Even a payment plan you start today prevents the CP504 (Notice of Intent to Levy) and the final notices that follow it. If your balance is large or you have unfiled years, a quick professional review can help you fix things in the right order — returns, penalties, then the balance.
CP14 pay online questions, answered
What's the fastest way to pay a CP14 online?
IRS Direct Pay at IRS.gov/payments is the fastest free way. Choose "Pay" from a bank account, select the reason "Balance due" and the tax year shown on your CP14, enter your bank details, and save the confirmation number. It's free, posts within a couple of business days, and requires no account.

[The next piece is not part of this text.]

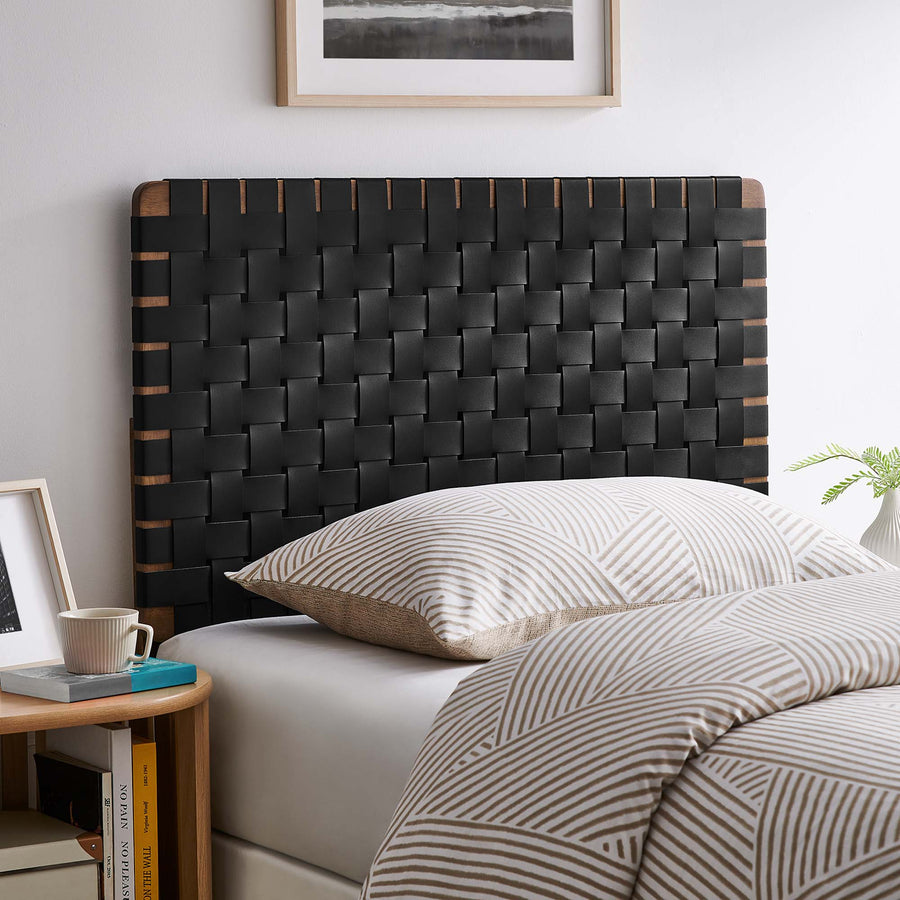 Sloane Weave Vegan Leather Twin Headboard in Walnut Black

Which tax year do I apply my CP14 payment to?
Use the exact tax year printed on the CP14 notice — not the current year. The notice shows the year near the top. If you apply the payment to the wrong year, the balance on your CP14 stays open and penalties keep growing, even though the money left your account.

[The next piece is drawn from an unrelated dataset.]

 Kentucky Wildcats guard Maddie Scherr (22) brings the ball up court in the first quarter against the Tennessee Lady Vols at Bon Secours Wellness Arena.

Is there a fee to pay my CP14 online?
Paying directly from a checking or savings account through IRS Direct Pay or the Electronic Federal Tax Payment System is free. Paying by debit or credit card goes through a third-party processor that charges a fee — a flat fee for debit cards and a percentage for credit cards. Bank payment is almost always cheaper.
How do I know my CP14 online payment went through?
Save the confirmation number you get at the end of the payment. Within one to three business days, log into your IRS online account and confirm the balance for that tax year dropped. Keep a screenshot or printout of both the confirmation and the updated balance in case the notice and payment cross in the mail.
What if I can't pay the full CP14 amount online?
You can set up a payment plan online at IRS.gov before the deadline. A short-term plan gives up to 180 extra days, and a monthly installment agreement is available for most balances under $50,000. Setting up a plan stops the notice sequence even if you can't pay everything today.
This guide is general information, not tax or legal advice for your specific situation. Eligibility for IRS programs depends on individual facts and circumstances; no outcome is guaranteed.